“With these funds we are scaling out this technology to build powerful, accurate and reliable quantum computers which can solve the world’s most important problems.”
Oxford Ionics is a very interesting startup based in the Centre for Innovation & Enterprise at Begbroke Science Park in Oxford, United Kingdom. Founded in early 2019, the startup has just raised a fresh £30m in the bank from a Series A fundraise.Their goal is to make high-performance quantum chips at scale with existing manufacturing technology – eventually solving problems that supercomputers cannot solve. Oxford Ionics, however, aims to build quantum processors using standard semiconductor chips to overcome the difficulty of manufacturing quantum computers at scale.

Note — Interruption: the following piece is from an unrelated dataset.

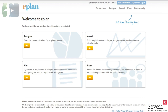Here we are at the rPlan dashboard. So when you log in, this is what you see. You can see that there are four main sections here: Analyze, Invest, Plan, and Share, with descriptions about what each one does. But we're looking particularly at the virtual portfolio function for this review, and that's here under the Analyze section. So let's go ahead and click Go.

Oxford Ionics will use the £30m investment to expand, hire more quantum computing specialists and work towards its goal of providing a 100 “useful qubit” machine to clients.
They have said that they will roll out access to its fleet of quantum computers to select customers throughout 2023 using a quantum-as-a-service model.
The race for quantum supremacy
Words by Sifted’s deeptech writer Clara Rodríguez Fernández, based in Berlin
“There are several approaches to making quantum computers currently competing to prove their superiority. Oxford Ionics works with trapped ion technology — which consists of “trapping” single atoms in place using an electromagnetic field.
Chris Ballance, cofounder of Oxford Ionics, tells Sifted that the key advantage of this technology is that it guarantees that each qubit (the quantum equivalent of a computer bit) is perfect and identical to each other.
“Unlike their synthetic counterparts, such as superconducting circuits or spins in silicon, they are not fabricated as part of a device and do not vary over time or with small changes in device fabrication,” says Ballance.
This can be key for the performance of a quantum computer — a 100-qubit chip could outperform the world’s most powerful computers if the quality of its qubits is high enough. “If they’re not, you can end up needing a warehouse-sized 1m-qubit machine to do the same job.”
Developers of trapped ion quantum computers, such as Quantinuum, IonQ and Alpine Quantum Technologies, rely on expensive and complex laser systems to control the trapped ions.
Instead of lasers, Oxford Ionics uses an electronic qubit control technology that can be integrated into a standard silicon chip — this allows the startup to manufacture its quantum processors at scale using existing manufacturing technology.
“We have already shown that we can build quantum computing chips in a standard semiconductor foundry with world-class performance,” says Ballance. “With these funds we are scaling out this technology to build powerful, accurate and reliable quantum computers which can solve the world’s most important problems.”